I want to discuss Shafarevich's argument - and the names he evokes - in some detail but first, I think, a little background is necessary on the subject of 'the Russian tradition'.

Solzhenitsyn, like Shafarevich, has three essays in From under the rubble. The first - 'As breathing and consciousness return' is based on a letter he wrote to Andrei Sakharov, the nuclear scientist, father of the Russian H-bomb, responding to his 1968 treatise "Reflections on Progress, Peaceful Coexistence, and Intellectual Freedom". Solzhenitsyn. making it clear that Sakharov's own thinking had evolved since then, is critical of the fact that Sakharov's treatise, important and radical as it was, is still locked in a Soviet and Leninist mindset. Solzhenitsyn, going beyond what he himself could have published openly in 1968, is arguing for the development of a distinctively Russian - as opposed to Soviet - politics. In a second essay, on 'Repentance and self-limitation in the life of nations' he argues that this will only be possible when Russians recognise the creation of the Soviet Union and their own imperialist ambitions as having been sinful. The third essay, translated under the title 'The Smatterers', was a critique of the Soviet intelligentsia - at least it would have been if Solzhenitsyn thought there was anything left in the Soviet Union worthy of the name: 

'So, having failed to reach a precise definition of the intelligentsia, it would appear that we no longer need one.
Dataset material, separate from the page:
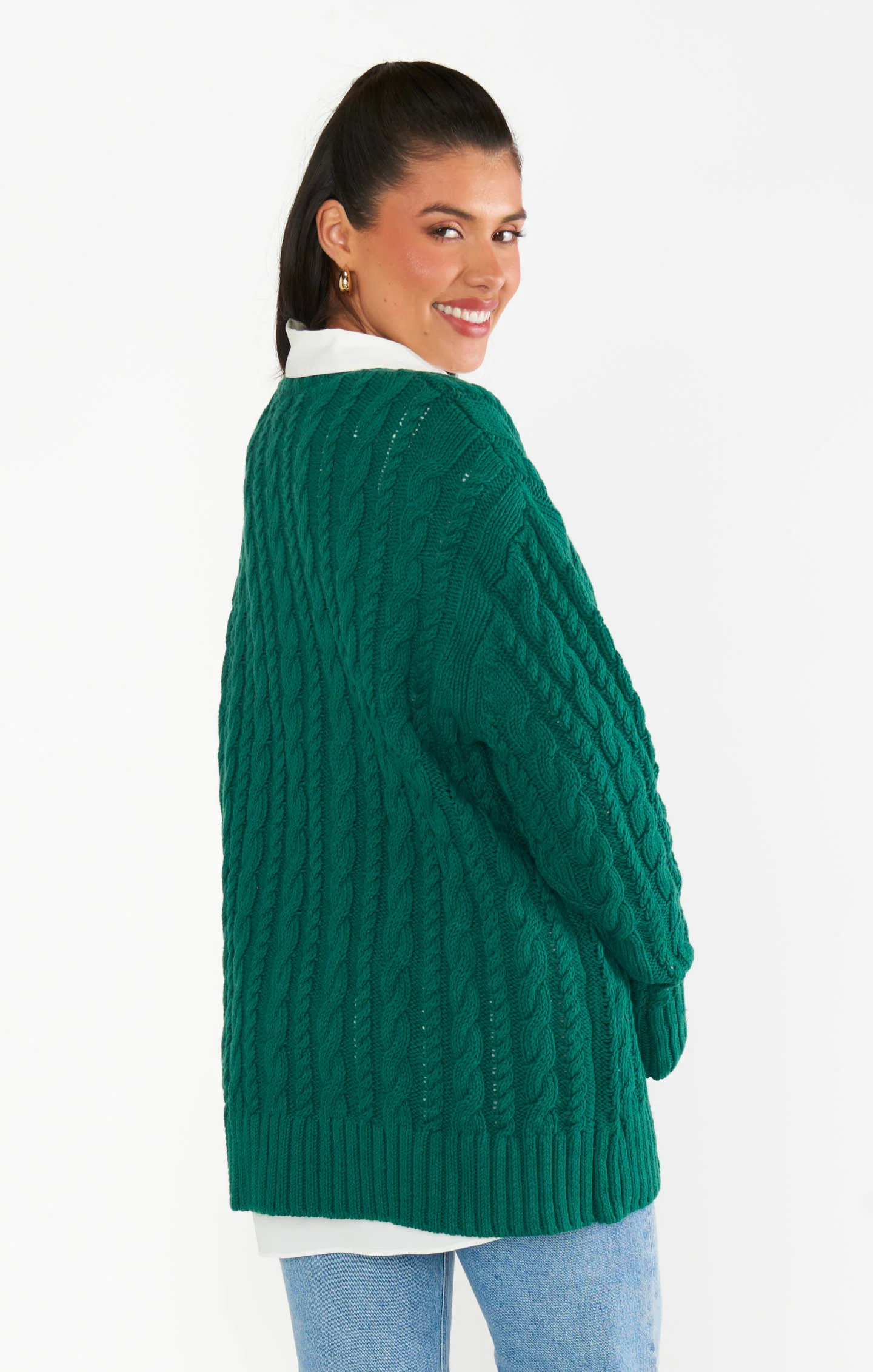 Day to Day Tunic Sweater ~ Emerald Cable Knit - Image 9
What is understood by the word in Russia today is the whole of the educated stratum, every person who has been to school above the seventh grade.

'In Dal's dictionary, the word obrazorat' as opposed to the word proveschat' is defined as meaning "to give merely an outward polish."

'Although the polish we have acquired is rather third rate, it will be entirely in the spirit of the Russian language and will probably convey the right sense if we refer to this "polished" or "schooled" stratum, all those who nowadays falsely or rashly style themselves "the intelligentsia", as the obrazovanscchina - the semi-educated estate - the "smatterers"' (p.242) (4)

 (4) The English word 'smatterers' obviously isn't quite adequate. In a footnote in his biography of Solzhenitsyn, Michael Scammell, who devised the word, elaborates: 'Solzhenitsyn's word is derived from the Russian for "schooling" and implies that anyone who has been to school in the Soviet Union, and has a smattering of knowledge, tends to think of himself as an intelligent or intellectual." (p.823).